According to the US Social Investment Forum, the socially responsible investing (SRI) fund industry grew from $12 billion in assets under management in 55 funds in 1995 to $316.1 billion in assets under management in 250 funds in 2010—a substantial increase in assets over time.

Because of the evident interest within the industry in firms exhibiting a socially responsible business mentality, researchers have already been investigating the links between CSP and corporate financial performance. Most of the pertinent research has focused on the equity markets and concluded that weak social responsibility from corporations is usually associated with higher stock return volatility.

In this context, the authors examine the extent to which the differentiation of credit quality, in terms of bond spread and credit rating, may also be partly explained by different levels of CSP strengths and concerns (i.e., weaknesses). They find that firms with socially responsible strengths are rewarded with lower credit spreads and higher credit ratings, whereas firms with CSP concerns are penalized with higher spreads and lower ratings. Moreover, it is found that support for local communities, higher levels of marketed product safety and quality, and avoidance of controversies regarding the firm’s workforce can materially reduce the spread of corporate bonds.

The authors’ findings may encourage social responsibility among both corporate and asset managers. Firm managers should be aware that showcasing a socially sensitive business plan can help draw funds from the fixed-income markets at a lower cost. Institutional investors in fixed-income markets, however, should not refrain from incorporating CSP strengths and concerns when assessing the riskiness of potential investments. By specifically choosing socially responsible corporations to lend to during credit crunch times—when uncertainty is high—asset managers benefit from lower default risk and become part of the SRI community.

How Did the Authors Conduct This Research?

The authors perform multivariate regression analysis, whereby either the credit rating of the bond issue or the logarithm of the bond spread is alternatively regressed against a CSP measure.
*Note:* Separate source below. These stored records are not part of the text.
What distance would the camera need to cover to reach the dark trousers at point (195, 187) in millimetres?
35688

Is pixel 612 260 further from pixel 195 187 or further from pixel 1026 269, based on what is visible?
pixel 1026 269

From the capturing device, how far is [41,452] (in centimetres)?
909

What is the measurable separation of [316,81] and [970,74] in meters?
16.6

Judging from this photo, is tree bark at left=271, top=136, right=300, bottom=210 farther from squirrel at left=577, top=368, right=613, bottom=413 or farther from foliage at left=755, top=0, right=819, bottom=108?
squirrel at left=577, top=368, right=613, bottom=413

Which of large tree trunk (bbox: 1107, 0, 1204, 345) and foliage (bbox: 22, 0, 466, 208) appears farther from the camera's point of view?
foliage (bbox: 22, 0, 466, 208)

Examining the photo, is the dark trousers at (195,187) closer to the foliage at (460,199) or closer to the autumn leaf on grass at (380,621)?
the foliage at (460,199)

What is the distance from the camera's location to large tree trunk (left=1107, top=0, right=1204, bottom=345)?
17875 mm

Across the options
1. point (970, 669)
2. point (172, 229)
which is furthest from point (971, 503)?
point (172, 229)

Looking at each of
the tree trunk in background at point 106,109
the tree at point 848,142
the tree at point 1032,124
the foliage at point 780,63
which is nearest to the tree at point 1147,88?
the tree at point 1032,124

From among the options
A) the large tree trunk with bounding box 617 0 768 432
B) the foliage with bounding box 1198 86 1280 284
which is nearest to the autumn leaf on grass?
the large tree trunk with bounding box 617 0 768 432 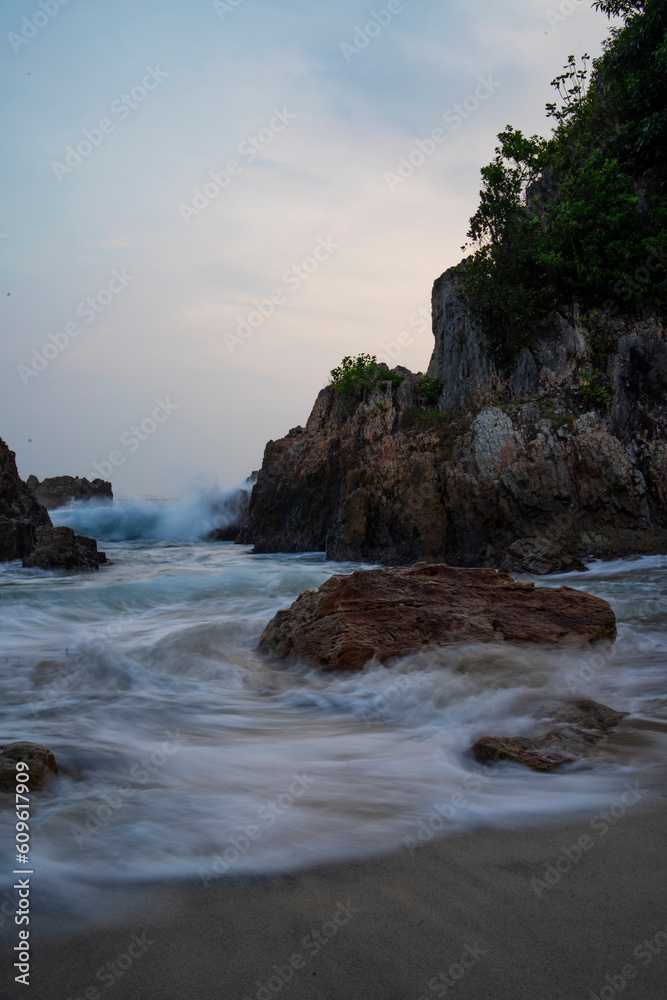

The CSP regressor takes the form of the aggregate of either CSP strengths or CSP concerns in two separately estimated regressions. KLD Research and Analytics data are used to rate firms on issues surrounding community relations, diversity, employee relations, the environment, and product safety and quality. Numerous explanatory variables are added to the equation to control for the market capitalization, leverage, return on assets, and industry of the issuer, as well as for the maturity, duration, convexity, and nominal amount of the issue.

The sample consists of data for 3,240 bonds free of embedded options or nonstandard characteristics issued by 742 nonfinancial and nonbanking firms, corresponding to 7,794 bond-year observations during the period of 1993–2008. Bond ratings from Standard & Poor’s are used, and firm characteristic data are sourced from Thomson Reuters DataStream. The estimation is performed on the basis of pooled ordinary least-squares regressions with two-way (cross-firm and cross-year) clustered standard errors. Several robustness specifications that follow the main analysis control for industry-specific factors, multicollinearity, and multiple issues from the same firm.

Because the costs/benefits of CSP are experienced in the long run, bonds with longer maturities are more affected by these social issues. Given the tenuous nature of the lowest-rated bonds, managers of speculative-grade firms can significantly improve their bond spreads and default risk by improving their social responsibility or resolving CSP issues, especially those related to employee relations and product and environmental liability.

Abstractor’s Viewpoint

In sum, the authors empirically confirm that corporate social responsibility is linked with the credit quality and default risk of a company. Namely, bonds issued by firms that care for all stakeholders rather than just stockholders confer benefits in the form of higher credit ratings and lower default spreads, all else being equal. Yet, what remains to be investigated is whether the foreseen negative relationship between positive CSP and credit risk is the result of inherent endogeneity among such fundamental factors as profitability or leverage and the CSP measures.